Claire Russell (Hungarian actress, Kata Kuna) is an inquisitive psychology student who lands a dream job – autumn camp counselor at St. Beatrice which specializes in caring for special needs children, orphans, etc. With an inclination of helping and learning some additional tools she can apply to her case studies, Claire is excited to begin this new journey. However, the campgrounds prove to be anything new. Upon her arrival, the compound is completely desolate and abandoned. Curiously, her first overwhelming sensation is the familiarity. Has she been here before?  

While the young woman explores the grounds, she discovers several toys dispersed in the leaves, dozens of drawings pinned to walls and more scattered throughout the bunks which seem to lead her from one room to the next like a crumb trail. Claire follows these clues with a notion that children must be nearby given all this material laying around and continues to survey the place. She opens each door with heart-stomping fear and trepidation as her dread grows – Claire is all alone, scared and extremely confused.  

It's impossible not to resonate with her fright, especially after discovering some sketch books reminiscent of “Evil Dead” vibes. Each page escalates Claire’s terror, and she reaches out to the camp director, Donahue (along with others whose phone numbers were found on old applications.) Putting the pieces together, it’s beginning to unfold that Claire Russell has entered an unsafe dimension where children who used to play freely have since disappeared and have now returned in darkness holding uncertain secrets. Parents are still reporting and searching for their beloved kids for decades now and that becomes most alarming…where exactly IS Claire?  

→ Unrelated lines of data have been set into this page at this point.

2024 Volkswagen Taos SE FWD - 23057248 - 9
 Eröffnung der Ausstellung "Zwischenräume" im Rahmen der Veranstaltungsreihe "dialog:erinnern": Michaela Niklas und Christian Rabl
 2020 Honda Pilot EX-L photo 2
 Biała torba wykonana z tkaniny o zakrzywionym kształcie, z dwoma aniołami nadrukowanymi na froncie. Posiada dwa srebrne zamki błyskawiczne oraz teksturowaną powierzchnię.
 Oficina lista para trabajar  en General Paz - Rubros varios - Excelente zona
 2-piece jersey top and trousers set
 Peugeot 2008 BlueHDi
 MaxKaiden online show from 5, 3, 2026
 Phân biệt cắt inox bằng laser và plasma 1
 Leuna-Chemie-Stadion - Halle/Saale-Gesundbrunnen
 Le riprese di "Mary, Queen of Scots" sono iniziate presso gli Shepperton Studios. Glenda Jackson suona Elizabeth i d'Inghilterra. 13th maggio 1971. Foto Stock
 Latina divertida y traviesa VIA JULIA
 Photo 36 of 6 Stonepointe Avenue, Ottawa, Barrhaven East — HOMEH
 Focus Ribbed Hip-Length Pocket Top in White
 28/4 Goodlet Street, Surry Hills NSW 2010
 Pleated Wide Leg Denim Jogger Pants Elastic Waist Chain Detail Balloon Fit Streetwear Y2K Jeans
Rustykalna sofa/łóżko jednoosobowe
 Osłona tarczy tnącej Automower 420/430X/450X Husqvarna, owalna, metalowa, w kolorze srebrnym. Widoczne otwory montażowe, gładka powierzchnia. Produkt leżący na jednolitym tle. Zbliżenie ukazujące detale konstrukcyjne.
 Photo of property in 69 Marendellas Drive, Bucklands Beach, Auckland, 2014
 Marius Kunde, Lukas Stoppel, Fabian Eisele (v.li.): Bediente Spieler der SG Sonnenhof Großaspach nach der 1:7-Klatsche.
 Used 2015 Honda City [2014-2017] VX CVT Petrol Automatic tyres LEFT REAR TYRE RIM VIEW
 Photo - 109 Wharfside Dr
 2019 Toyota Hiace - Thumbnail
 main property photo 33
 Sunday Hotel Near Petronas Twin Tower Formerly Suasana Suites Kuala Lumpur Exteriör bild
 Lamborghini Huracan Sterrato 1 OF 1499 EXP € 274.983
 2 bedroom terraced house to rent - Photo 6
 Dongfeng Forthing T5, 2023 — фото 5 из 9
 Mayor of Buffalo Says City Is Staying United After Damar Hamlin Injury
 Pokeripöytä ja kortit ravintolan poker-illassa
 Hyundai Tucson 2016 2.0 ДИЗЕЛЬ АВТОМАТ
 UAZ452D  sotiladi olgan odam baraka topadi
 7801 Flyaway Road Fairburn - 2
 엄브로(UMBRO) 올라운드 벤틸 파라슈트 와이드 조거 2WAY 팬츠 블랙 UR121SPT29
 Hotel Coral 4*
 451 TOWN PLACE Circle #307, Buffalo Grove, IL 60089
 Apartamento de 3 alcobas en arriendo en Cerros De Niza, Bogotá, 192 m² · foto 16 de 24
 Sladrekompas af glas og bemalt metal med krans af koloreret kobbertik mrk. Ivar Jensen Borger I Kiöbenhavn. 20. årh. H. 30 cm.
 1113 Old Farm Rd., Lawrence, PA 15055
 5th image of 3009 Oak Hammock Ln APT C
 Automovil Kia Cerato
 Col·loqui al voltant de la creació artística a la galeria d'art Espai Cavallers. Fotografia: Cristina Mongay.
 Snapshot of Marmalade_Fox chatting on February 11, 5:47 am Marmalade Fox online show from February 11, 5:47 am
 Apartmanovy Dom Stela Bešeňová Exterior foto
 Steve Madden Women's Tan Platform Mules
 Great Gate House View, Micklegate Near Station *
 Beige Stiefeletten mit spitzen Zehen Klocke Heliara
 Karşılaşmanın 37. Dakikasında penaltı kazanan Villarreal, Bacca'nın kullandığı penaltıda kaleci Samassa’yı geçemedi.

Through her panic attacks, hesitation and shock, she heeds the warnings being delivered through the books, the 20+ year old Nokia phone which is miraculously charged and an old thumb drive left for her by Donahue (another incredulous performance by Bill Oberst, Jr). His startling blue eyes on screen are marked by devastation in contrast to these black-eyed children whom he holds himself in contempt for the complacency with (what he deems) ‘the untouchables’. Once again, the scene stealer shedding his insight over this unbelievable perplexity.

The Black-Eyed Children is visceral look into an exploratory area of phenomena that has yet to become clearly understood. Their ideology of children’s experimentation to reveal a new gateway into the lights of the sky becomes convoluted within the warnings to avoid making eye contact, or allowing them in. The biggest question asked and still remains at the end of this eerie atmospheric film: Who holds the answers to these mysteries? I sure would love to know myself.

OVERALL: 
Kuna is entrancing as the confused and terrorized Claire Russell. While she records every movement throughout the haunted-like campsite, her humor pokes its way into the hopelessness with sudden exclamations: “What the ‘Children of the Corn’ is going on around here?” and my personal favorite, “For the love of fuck!” I happily took her explorative tour and ultimately, her personal connection to St. Beatrice beside the black-eyed children who surround her. While Oberst’s Donahue proves to be a believer via his transparent soliloquy, the sadness encompasses his once spirited soul and leaves Claire with his hopes of a confrontation with the untouchables. There is a lost simplicity within the context of The Black-Eyed Children. I hope all these pending questions are resolved in the sequel!